• _Your instructions_
Below are records with pictures; copy word for word only the lines between the line with "KIMBERLY MCDONALD 18-karat" and the line with "JoraLion Luxury Throw", inclusive, and drop the pictures.

• _Dataset records_
□ □ □ □ □ □ □

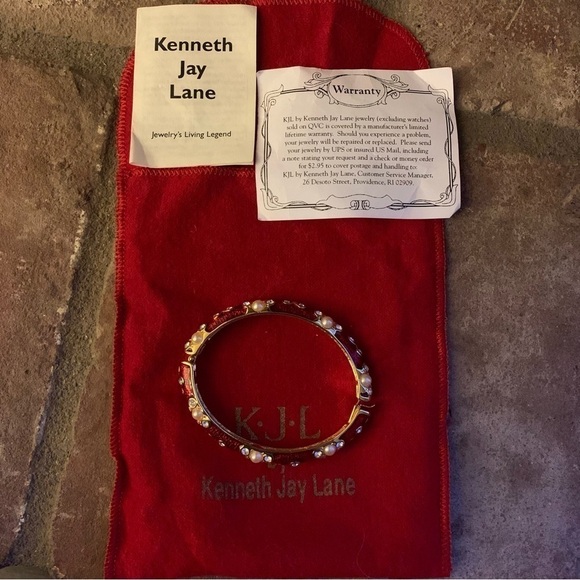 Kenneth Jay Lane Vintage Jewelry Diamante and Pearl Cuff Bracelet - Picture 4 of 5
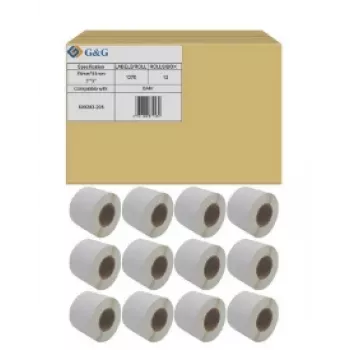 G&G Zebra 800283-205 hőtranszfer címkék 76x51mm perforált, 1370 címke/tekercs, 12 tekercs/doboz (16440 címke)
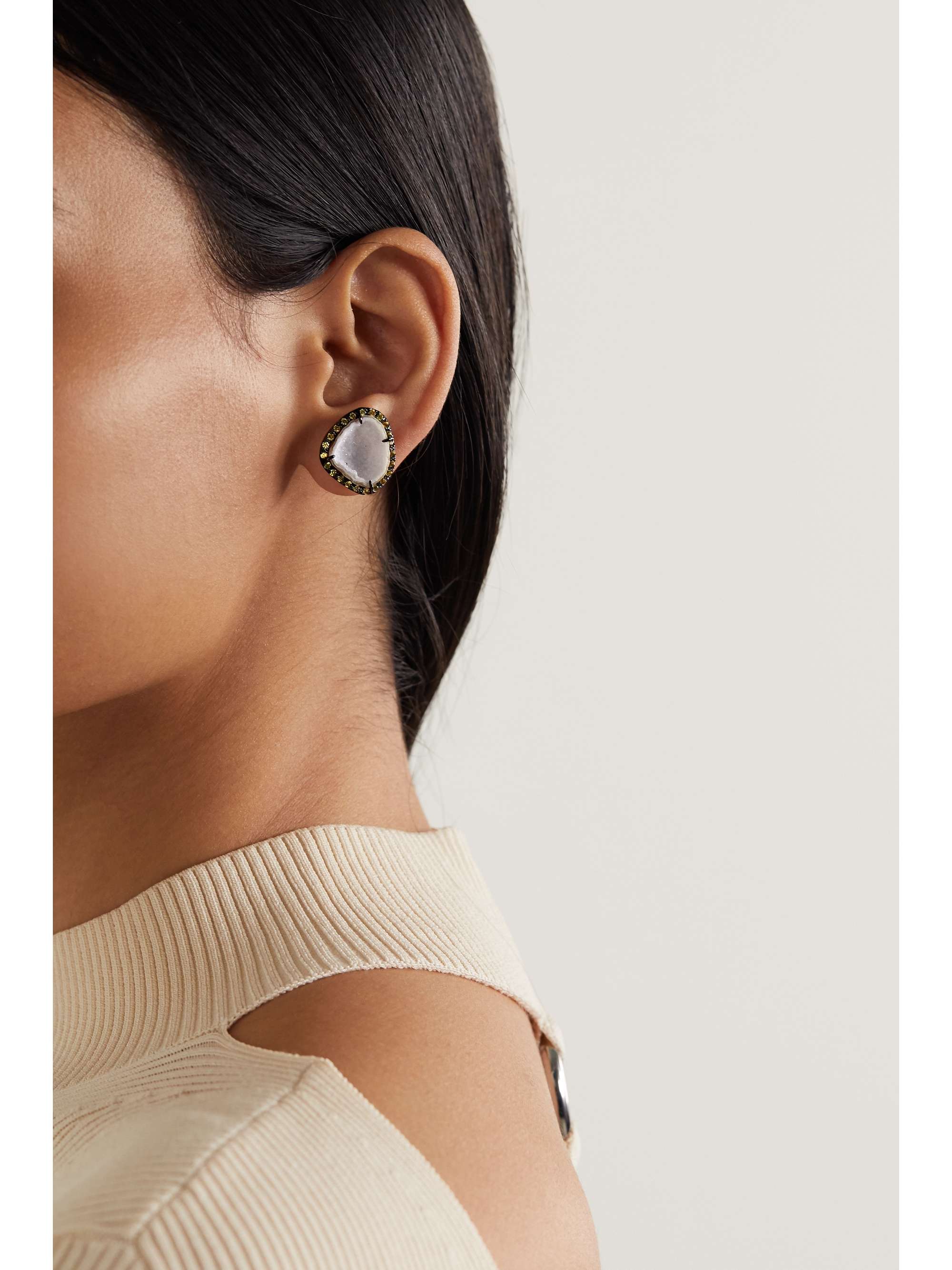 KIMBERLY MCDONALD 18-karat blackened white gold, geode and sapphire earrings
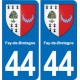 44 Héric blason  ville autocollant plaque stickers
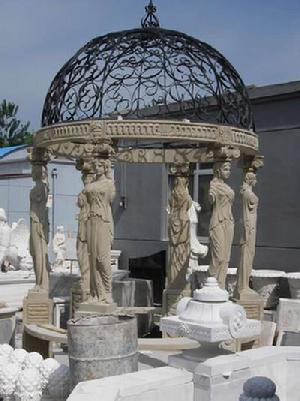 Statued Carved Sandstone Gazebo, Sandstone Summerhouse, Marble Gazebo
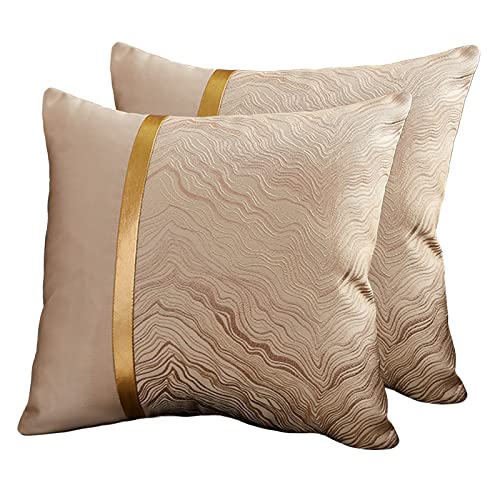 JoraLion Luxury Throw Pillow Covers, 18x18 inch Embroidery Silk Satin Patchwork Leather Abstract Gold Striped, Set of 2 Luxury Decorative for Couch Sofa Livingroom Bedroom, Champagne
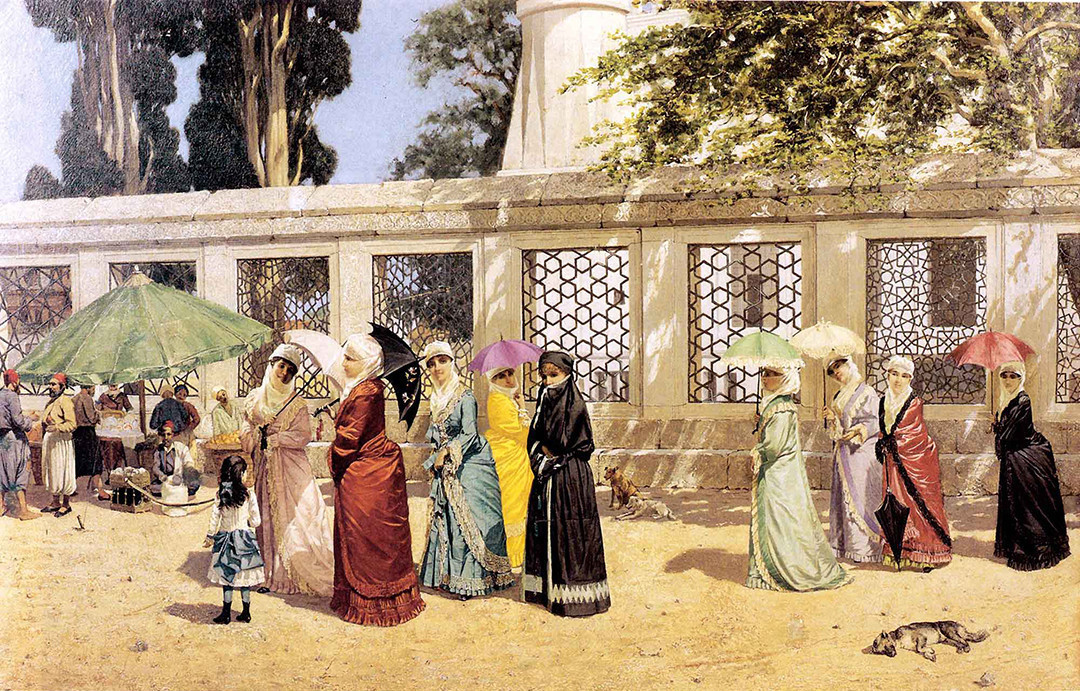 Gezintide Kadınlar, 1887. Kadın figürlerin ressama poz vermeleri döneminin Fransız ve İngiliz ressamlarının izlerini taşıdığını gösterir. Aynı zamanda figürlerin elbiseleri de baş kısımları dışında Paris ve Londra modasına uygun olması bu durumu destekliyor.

□ □ □ □ □ □ □

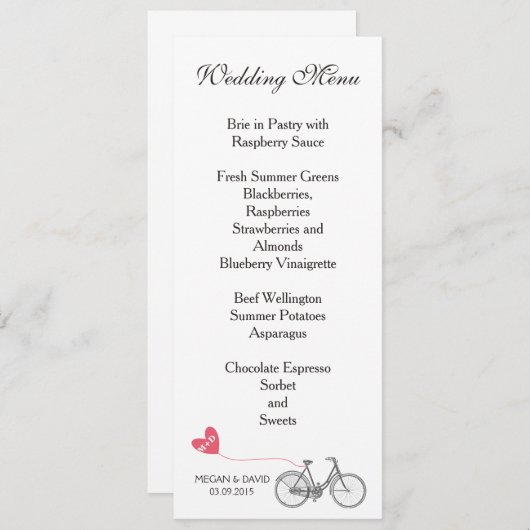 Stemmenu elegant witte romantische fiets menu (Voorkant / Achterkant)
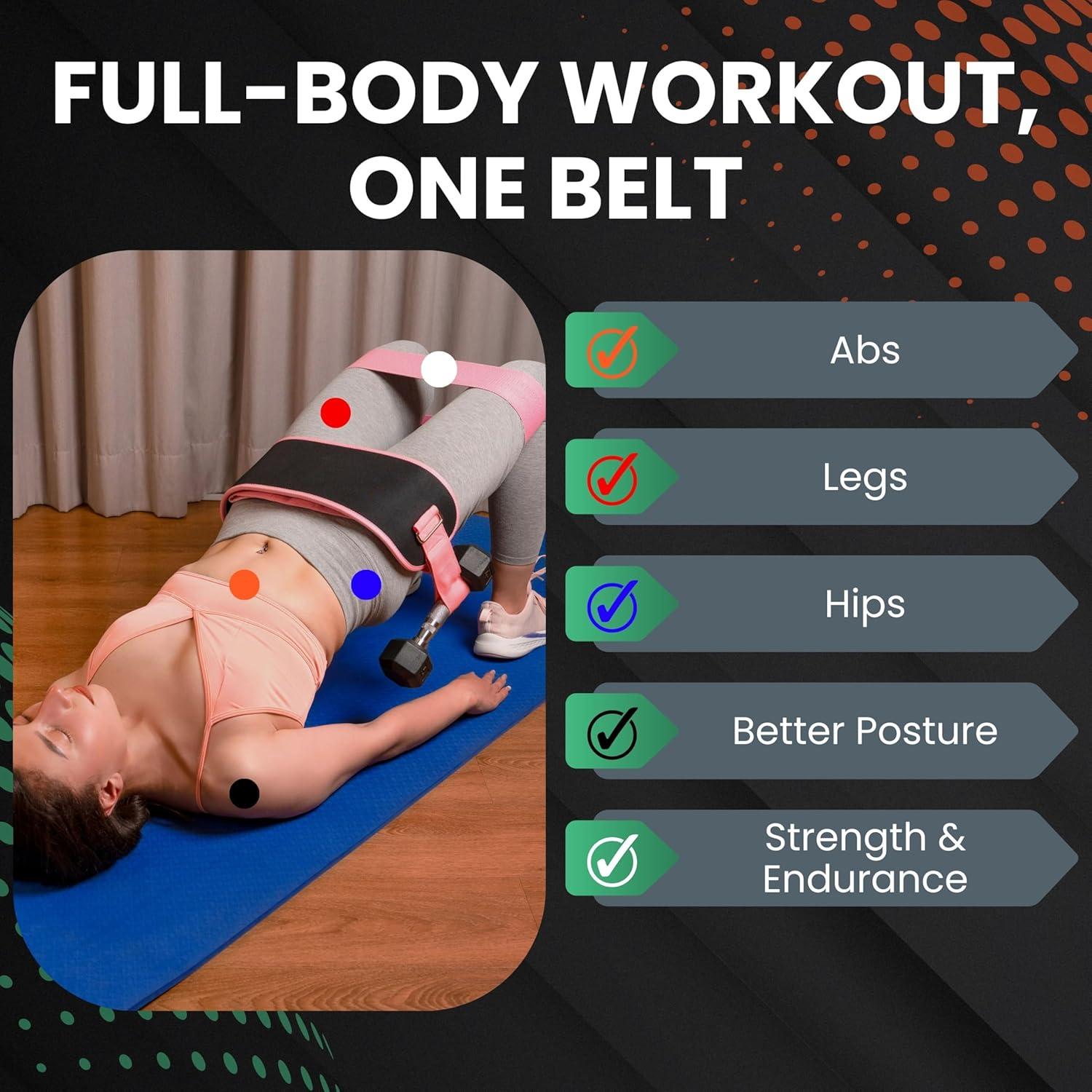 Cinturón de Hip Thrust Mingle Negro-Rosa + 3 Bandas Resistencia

□ □ □ □ □ □ □

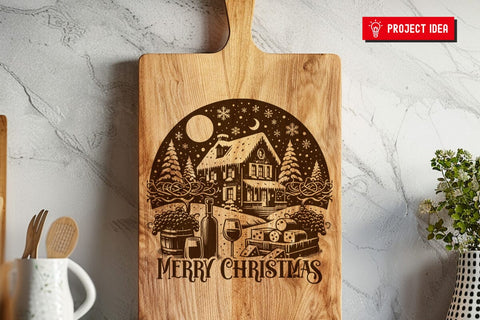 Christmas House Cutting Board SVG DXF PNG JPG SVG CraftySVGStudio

□ □ □ □ □ □ □

• _Answer for this exercise_
 KIMBERLY MCDONALD 18-karat blackened white gold, geode and sapphire earrings
 44 Héric blason  ville autocollant plaque stickers
 Statued Carved Sandstone Gazebo, Sandstone Summerhouse, Marble Gazebo
 JoraLion Luxury Throw Pillow Covers, 18x18 inch Embroidery Silk Satin Patchwork Leather Abstract Gold Striped, Set of 2 Luxury Decorative for Couch Sofa Livingroom Bedroom, Champagne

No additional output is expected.